Communist China — A Short History

The People’s Republic turns 75 well launched on a new Long March aimed at the defeat of the free democracies and the rise to global eminence of the heirs to Mao.

Via Wikimedia Commons
Chairman Mao proclaims the People's Republic of China, October 1, 1949. Via Wikimedia Commons

President Xi is using the 75th anniversary of his regime to threaten Free China’s independence and stress what he sees as Communist China’s inevitable rise to global preeminence. It’s an apt moment to mark the mistakes that led to the stamping out of democracy on the mainland when Mao won China’s Civil War in 1949 — summed up then in America with the lament “Who Lost China?” — and to weigh the prospects for the future of self-rule on the mainland.

Even from the distance of 75 years, the Communist victory over the Free Chinese forces led by Generalissimo Chiang Kai-shek still retains its power to shock — in part because it could have been avoided if American policy-makers had been more clear-eyed. Chiang was the successor of the pioneer of Chinese democracy, Sun Yat-sen, a contributor to The New York Sun, and Free China was America’s ally during World War II. 

Chiang, though, was fighting against two enemies during the global conflict: The Empire of Japan, as well as Mao’s Communist Party, which paid lip service to helping the war effort while biding its time until the fight ended. After Japan’s surrender, Chiang’s forces were exhausted by their long fight — and Mao set in train his guerilla campaign, backed by the Soviets, to stamp out democracy and put all of China under the thumb of Communism.

As China’s Civil War raged, the Truman administration wrung its hands, uncertain which side to back. The problem, as Chiang saw it, was that “young and naive American military officers in China believed” Mao’s “propaganda,” as biographer Jay Taylor observes, and even senior officials at Washington were duped. The communists posed as freedom-loving agrarian reformers, so America’s left shrugged off the prospect of Mao taking over.

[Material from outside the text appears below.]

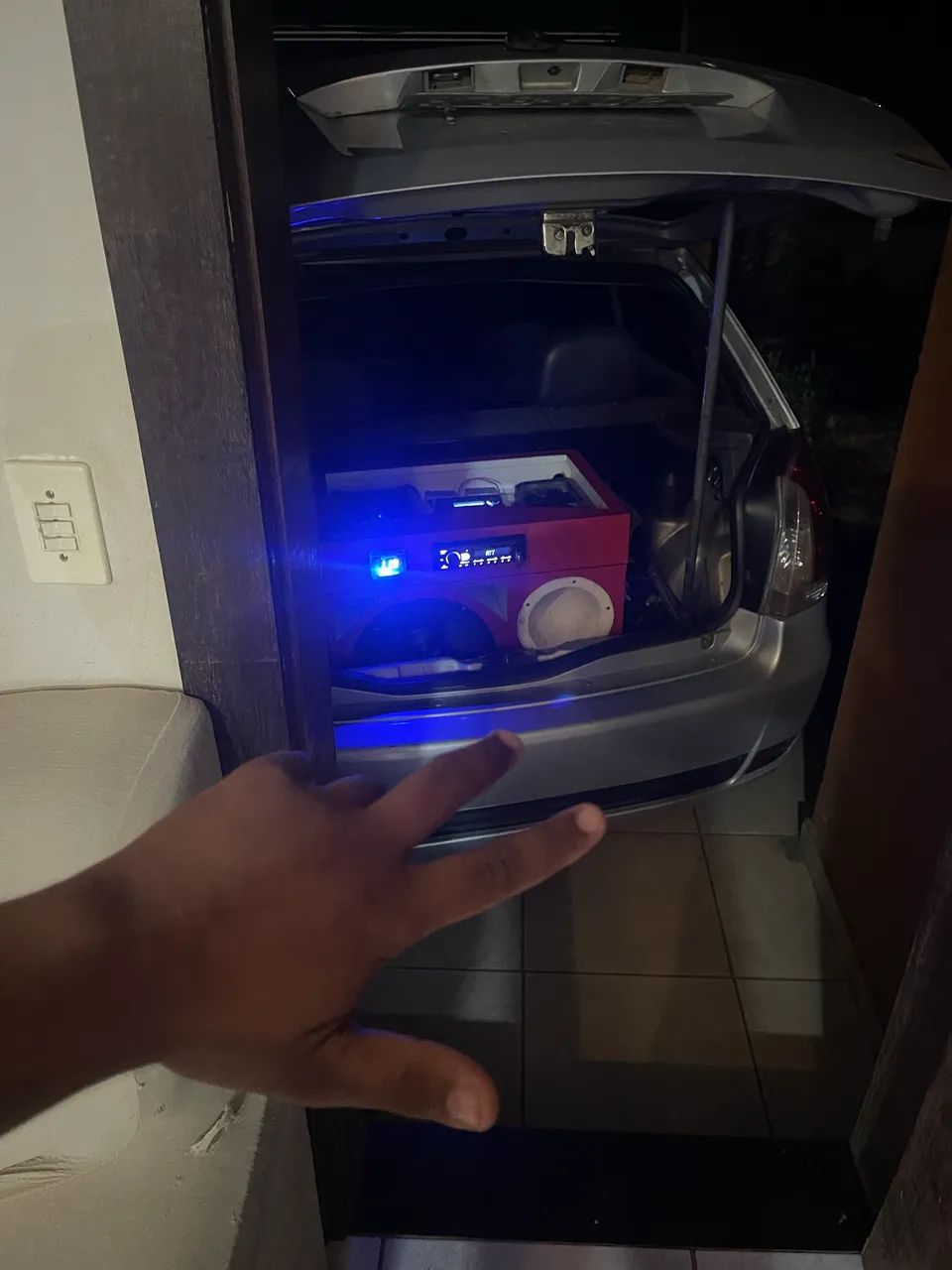 Vendo caixa trio completa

Chiang knew better. His experience with the communists had taught him that they only pose as peace-makers “to paralyze their opponents’ will to fight and thus to render them easier to subdue.” America’s foreign policy mandarins failed to grasp that truth. In 1946, President Truman’s envoy to China, George Marshall, rather than backing Chiang in his existential fight with the Soviet-backed Mao, urged the two sides to come to terms — at any price. 

By 1949, even as America was spending lavishly to fend off Soviet encroachment in Europe with the Marshall Plan, Truman’s State Secretary, Dean Acheson, refused to aid Free China, even as Chiang’s position deteriorated. Congressman Walter Judd warned that the Chinese “who believe in genuine freedom” were faced with “disaster.” Acheson merely sighed that in Asia “preponderant power has now clearly passed to the Communists.”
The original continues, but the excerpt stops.